Subordinasi/Penomorduaan,yaitu anggapan bahwa salah
satu jenis kelamin dianggap lebih rendah dari jenis kelamin yang lain. Contoh
dari hal ini adalah bahwa wanita dianggap sebagai ‘Konco Wingkin’ (hanya
bekerja di dapur), maka wanita dianggap lebih rendah dari laki-laki yang
bekerja diwilayah publik.
c.
Marginalisasi/Peminggiran, adalah kondisi atau proses
peminggiran salah satu jenis kelamin dari pekerjaan utama. Misalnya
perkembangan teknologi yang diiringi dengan penggunaan mesin-mesin yang
sebagian besar dioperasikan oleh laki-laki kini menggantikan pekerjaan manual
yang biasanya dilakukan oleh perempuan.
d.
Kekerasan/Violence,yaitu suatu serangan baik
terhadap fisik maupun non fisik atau psikologis seseorang yang bisa terjadi di
mana saja.
C.
PEMBAHASAN
Studi Kasus
Kasus 1
PT Gudang Garam tidak terlalu serius
menanggapi tuntutan buruhnya. Sekitar 4000 buruh di PT Gudang Garam yang
tergabung dalam Serikat Buruh Muslimin Indonesia (Sarbumusi) PT gudang Garam,
tidak ditanggapi serius oleh perusahaan. Terbukti ajakan dialog oleh pengurus
sarbumusi ditolak.
Mengenai sistem pembagian bonus, para buruh
PT Gudang Garam meminta agar sistemnya dikembalikan ke pola lama. Mereka
menganggap pola lama lebih cocok karena pekerja diperlakukan baik. Misal, buruh
wanita yang cuti hamil tetap mendapat bonus. Sebaliknya dalam pola baru, mereka
yang cuti hamil tidak berkesempatan mendapat bonus.

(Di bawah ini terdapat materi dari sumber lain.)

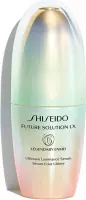 Shiseido - FUTURE Solution LX Ultimate Serum - Face Serum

Salah seorang tenaga kerja wanita PT Gudang Garam yang
bekerja dibagian penggilingan rokok dan telah mengabdi selama 15 tahun
(menduduki golongan A2) memberikan kesaksian bahwa jika dia bekerja dalam
keadaan sehat dan mampu menggiling banyak rokok, maka dia bisa mendapatkan upah
yang besar. Namun, jika ia dalam keadaan kurang sehat, ia hanya bisa
mendapatkan uang sebesar Rp. 90.000,00/minggu.
Kasus 2
Adanya fakta bahwa jumlah
tenaga kerja wanita pada perusahaan PT Gudang Garam kediri lebih banyak dari
pada tenaga kerja laki-laki. Perbandingannya adalah tenaga kerja wanita kurang
lebih 70 % sedangkan tenaga kerja laki-laki kurang lebih 30%.
tenaga kerja wanita pada PT.
Gudang Garam Kediri dalam sehari tertinggi mampu menghasilkan 7850 linting sedangkan
terendah hanya mampu menghasilkan 3950 linting.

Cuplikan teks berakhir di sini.